Stellenabbau aufgrund der Digitalisierung?

„Digitale Trends und ein sich veränderndes Marktumfeld führen zu einem signifikanten Stellenabbau in Banken und Versicherungen“ – das erwarten 75 Prozent der befragten HR-Manager aus der Finanzbranche. „Ganz so einfach ist es nicht“, widerspricht jedoch Martin Emmerich, HR- und Vergütungsexperte bei Willis Towers Watson. Er betont, dass man schon im Zuge der Einführung der Geldautomaten in den USA in den 1980er Jahren einen wesentlichen Personalabbau in den Banken erwartet hatte. Tatsächlich habe sich innerhalb von knapp 20 Jahren die Anzahl der Geldautomaten fast versechsfacht – jedoch sank die Anzahl der Mitarbeiter im gleichen Zeitraum keineswegs. Sie stieg sogar um etwa sieben Prozent an.
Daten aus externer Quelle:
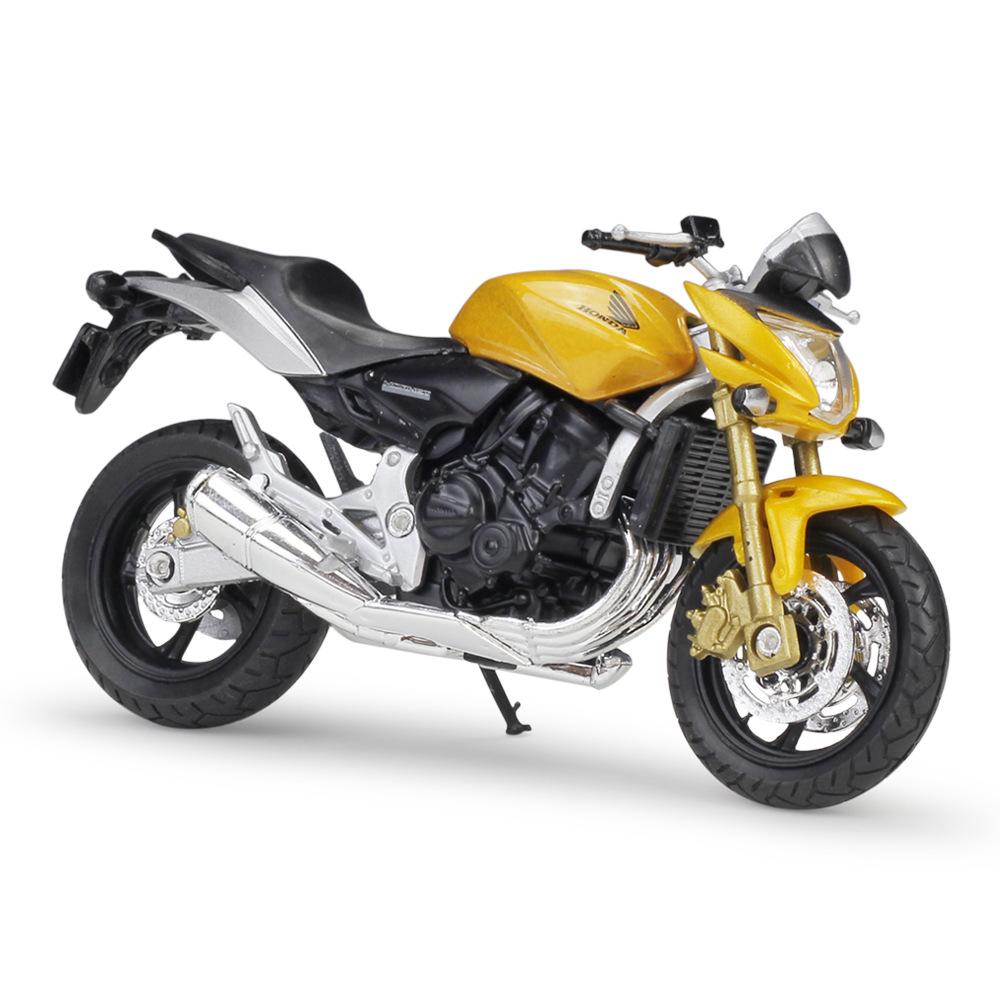 Масштаб 1/18 Welly HONDA Hornet, модель мотоцикла из сплава, литье под давлением, металлические игрушечные транспортные средства, модель мотоцикла, коллекция высокой имитации, детские подарки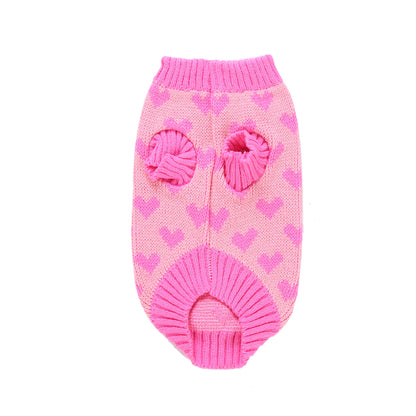 The Sweetheart Pink Dog Sweater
Emmerich weist darauf hin, dass die Welt der Finanzdienstleistungen sich heute auch auf den FinTech-Bereich ausdehne – und in diesem wachsenden Bereich sei Finanzexpertise nach wie vor gefragt. Jedoch werde nicht jeder Mitarbeiter auch in zehn Jahren noch die gleichen Aufgaben haben. „An welcher Stelle die Mitarbeiter künftig eingesetzt werden – das wird sich verändern, so wie sich seinerzeit auch die Aufgaben der Mitarbeiter im Bankschalter geändert hat“, sagt Emmerich.

Regulierung beschäftigt Personalmanager in Banken nach wie vor
„Die Regulierung – das haben wir geschafft“ – dieser Aussage stimmen nur 40 Prozent der befragten HR-Manager zu, während 60 Prozent widersprechen. „Hinter uns liegt ein Jahrzehnt der neuen Regulierungen“, erläutert HR- und Vergütungsexperte Emmerich von Willis Towers Watson. „Daher ist es nicht verwunderlich, dass die neuen Vorgaben HR-Manager in Banken nach wie vor auf Trab halten“.

Mitarbeiterengagement und Stellenbewertung im digitalen Zeitalter
Im Zuge der Digitalisierung ändert sich auch der Arbeitsalltag in Banken. Für abgegrenzte Projekte werden häufiger externe Honorarkräfte eingesetzt oder Fachpersonal befristet eingestellt. Dies tue jedoch dem Engagement der „Mitarbeiter auf Zeit“ keinen Abbruch, sagt die Mehrheit der befragten HR-Manager (80 Prozent). Neu stellt sich mit diesem Wandel die Fragen, wie klassische Stellenbewertungen künftig aussehen werden. Hier wird genau erfasst, welcher Mitarbeiter auf welcher Hierarchieebene mit welchem Verantwortungsumfang arbeitet. Daran knüpfen Vergütung, Weiterbildungsmaßnahmen usw. an. Auch im Zeitalter der Digitalisierung bestätigen 71 Prozent der befragten HR-Manager, dass dieser Ansatz weiterhin geeignet ist, um HR-Prozesse zu steuern. Florian Frank von Willis Towers Watson sieht dies ähnlich. „Die Stellenbewertung ist wichtiger denn je“, betont er. Mit der steigenden Anzahl an freien Projektmitarbeitern werden sich die Stellenbewertungen allerdings wandeln. „Künftig werden Stellenbewertungen flexibler und breiter angelegt und zusätzliche noch weitere Kompetenzen, wie etwa die Problemlösungsfähigkeit berücksichtigen“, sagt Frank auf der Konferenz.

An der HR-Branchenkonferenz für Banken und Versicherung nahmen mehr als 100 HR-Manager aus der Banken- und Versicherungsbranche teil. Willis Towers Watson veranstaltete diese jährliche Konferenz zum zwölften Mal.